‘We Are All Stuck in the Rat Race’

For Luanfeng Luo (pseudonym), a 35-year-old coffee businessman, being in business in China was filled with highs and lows — on top of the world one minute; at rock bottom the next. As the economy faltered, his business was no longer profitable. Under overwhelming pressure, he thought about emigration.

Thirty-five-year-old Luanfeng Luo (pseudonym) is from Shanghai, China. He used to be in the coffee business.

Luanfeng Luo (pseudonym), Businessman: I founded my company in late 2018 with several partners. For a few months after we started the business, our revenue was excellent. But that’s on the books. Profit wasn’t as impressive because a large amount went to taxes.
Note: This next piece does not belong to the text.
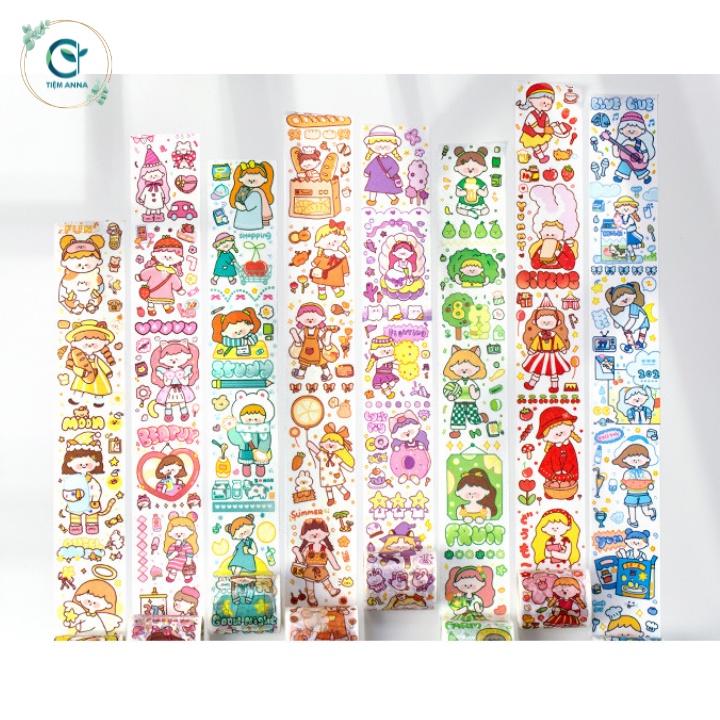 Set 5 Cuộn băng keo Washi Sticker in họa tiết dễ thương dùng để trang trí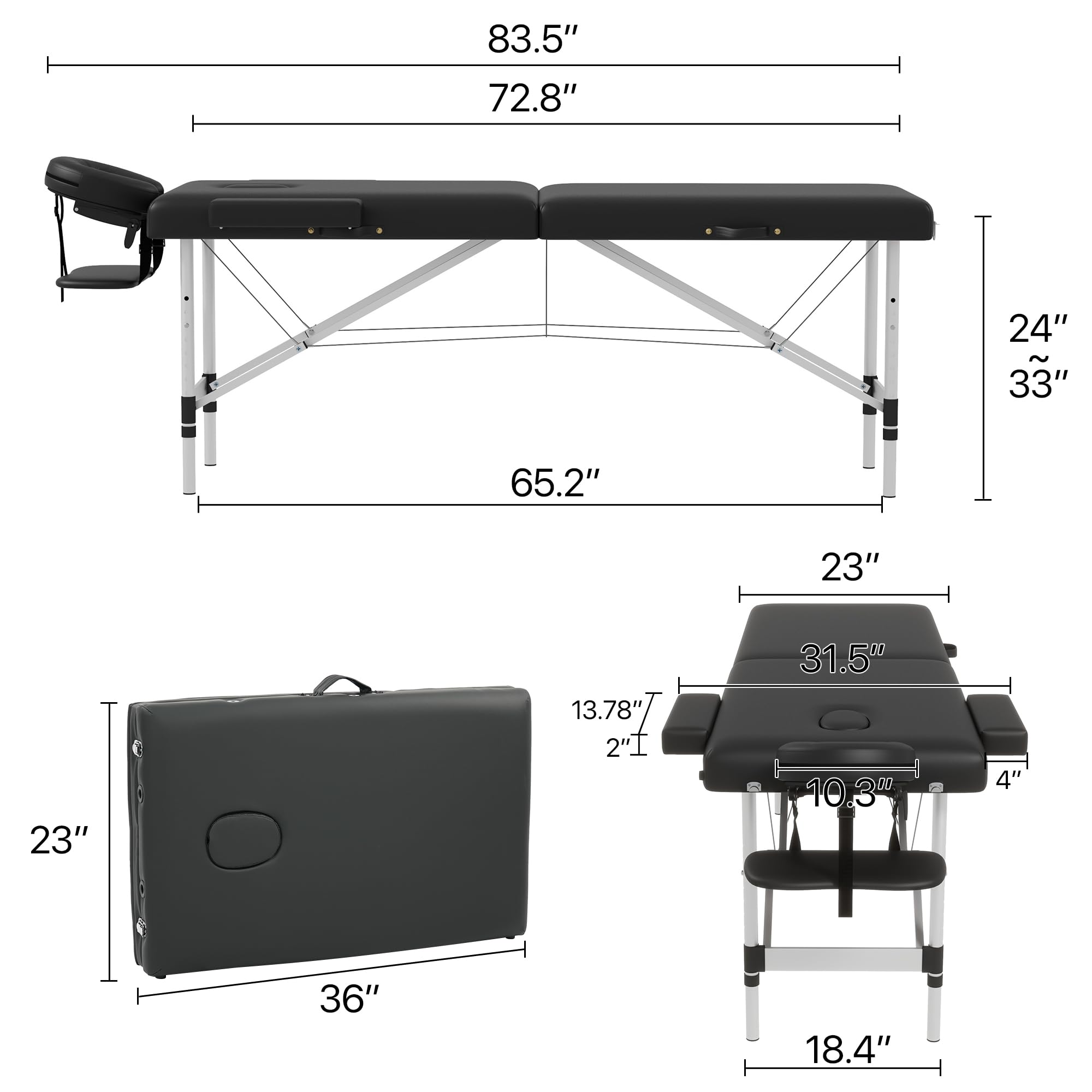 Portable 2-Section Foldable Massage Table - Adjustable Height Spa & Tattoo Bed with Face Cradle | Lightweight Aluminum Frame Salon Bed for Home, Facial & Lash Treatments | Perfect for Professional Therapists & Home Spa Use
It was just really tiring. By 2019, you can feel the economy was slowing down. The whole economy in Shanghai was slowing down. Without too much disposable income, people were less likely to spend money, so we began to feel the pressure. We tried for another year, but by 2020 when the COVID-19 pandemic hit, we had no choice but to close our business.

It’s like you are stuck in a bottle … and there’s a tornado inside. One moment, you are on top of the world, achieving so much in a short period of time. The next moment, you are at rock bottom, and you might never be able to climb up again.

For Luo, the meaningless competition in the rat race was wearing him down.

Luanfeng Luo: The first time I thought about emigration … I think it was in 2018. No one talked about runology at that time. I just felt the pressure was overwhelming.

I didn’t want to come to the U.S. at first. The information we got in China was censored by the government … so I didn’t have a very good impression of the United States then.

I left Shanghai in February 2022, the last day of February 2022, with a travel visa. The [Customs Department] questioned me for a long time. They put me in a separate room and went through all my luggage.

I was anxious up until the plane took off, because there’s always the possibility that they could come onto the plane and forbid me from leaving. After taking off, I felt relieved. I could finally get out.

About a week after I left, there was the COVID-19 wave in Shanghai, and then there was the lockdown. It’s like being in a prison — people were prisoners in their own homes. They weren’t even allowed to open their own front doors. Who wants to be in a prison? No one.

I don’t think I will ever go back to China. Once you get used to freedom, you can’t live without it.